Setelah menjadi pembicara dalam rapat akbar di Tebuireng (1967) dan menyebut “Hamid Roesdi itu Ketua Ansor” ia "dimabeskan" hingga pensiun. Tetapi tetap beliau pensiun dengan pangkat terakhir Brigjen.

Jenazahnya dimakamkan di Desa Sisir Kecamatan Batu, atas permintaan beliau sendiri, karena tidak mau dimakamkan di Taman Makam Pahlawan, karena suatu alasan.

9. Hamid Roesdi

Nama Hamid Roesdi telah menjadi legenda pahlawan masyarakat Kota Malang, sama halnya nama Bung Tomo untuk masyarakat Surabaya. Bahkan nama Hamid Roesdi tidak hanya dijadikan sebagai nama jalan di pusat kota, tapi juga nama terminal di Kedungkandang. Patungnya juga dapat dilihat di Malang.
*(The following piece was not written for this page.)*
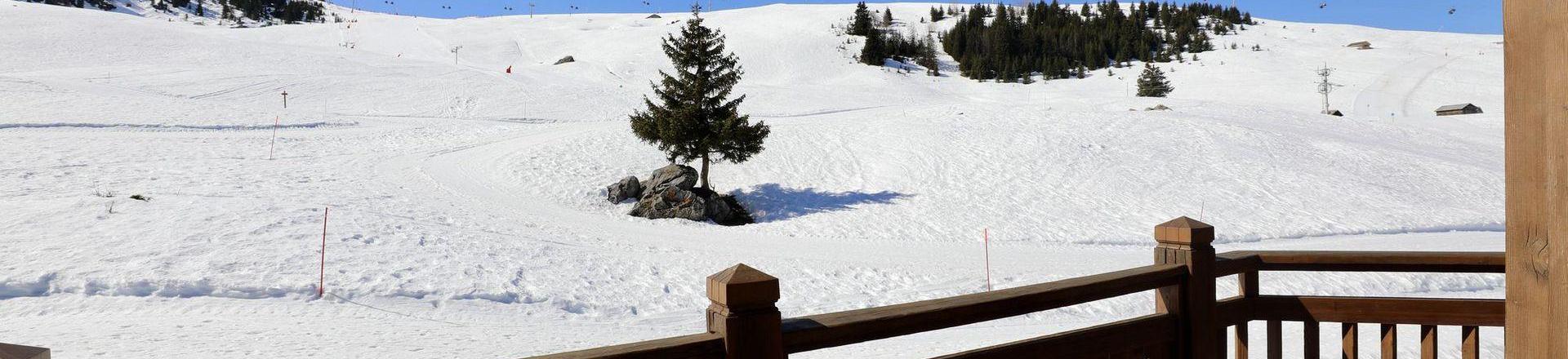 Location au ski Chalet 8 pièces 14 personnes - Chalet du Chamois - Courchevel - Extérieur hiver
Beliau lahir di Sumbermanjing Kulon (Pagak) Malang Selatan pada 1917 sebagai putra keempat H. Umar Roesdi.

Di masa penjajahan Jepang, beliau masuk pendidikan perwira Bo Ei Gyugun Kanku Kyokutai di Bogor, kemudian menjadi Cudancho PETA di Malang Syu Dai I Daidan (Dai I Cudan) yang berkedudukan di Glagah Aren Sumbermanjing.
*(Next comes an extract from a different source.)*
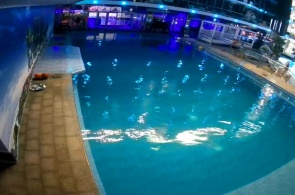 Pool mit Delfinen. Webcams NEMO Hotel Resort & SPA Odessa Online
Pada awal 1947 diangkat sebagai komandan Resimen Infantri 38 Divisi VII Untung Suropati dan sebagai Komandan Pertahanan Daerah Malang berkedudukan di Pandaan Pasuruan. Pada waktu penumpasan PKI Muso (Madiun Affair) beliau menjabat Komandan Komando Penumpasan PKI Muso di daerah Malang Selatan (Turen-Donomulyo).

Ketika menghadapi Clash II Belanda, beliau menjabat Komandan Sub Wherkreise I dan memimpin gerilya di daerah pendudukan Malang Timur dengan pangkat mayor. Pada 8 Maret 1949, beliau gugur bersama pasukannya di daerah Wonokoyo, Kedungkandang pukul 03.00 dinihari.

***

Masih banyak tokoh NU lain yang mempunyai peran penting dalam mempertahankan kemerdekaan tanah air. Sembilan tokoh di atas adalah di antara yang terbaik yang berkontribusi pernah memimpin sebagai komandan perang. Tanpa menafikan peran penting tokoh NU lainnya yang tidak sempat tercatat. Tapi bagaimanapun itu, komitmen setia untuk menjaga tanah air secara konsisten telah tertanam sejak dulu dalam diri para tokoh NU. Kesetiaan itu akan selalu terjaga selamanya. []


Sumber: Tulisan ini merupakan catatan yang diolah dan dikembangkan dari data yang didapat dari Majalah Aula dan berbagai sumber lain yang mendukung.

Catatan: Tulisan ini telah terbit pada tanggal 27 Juli 2020. Tim Redaksi mengunggah ulang dengan melakukan penyuntingan dan penyelarasan bahasa.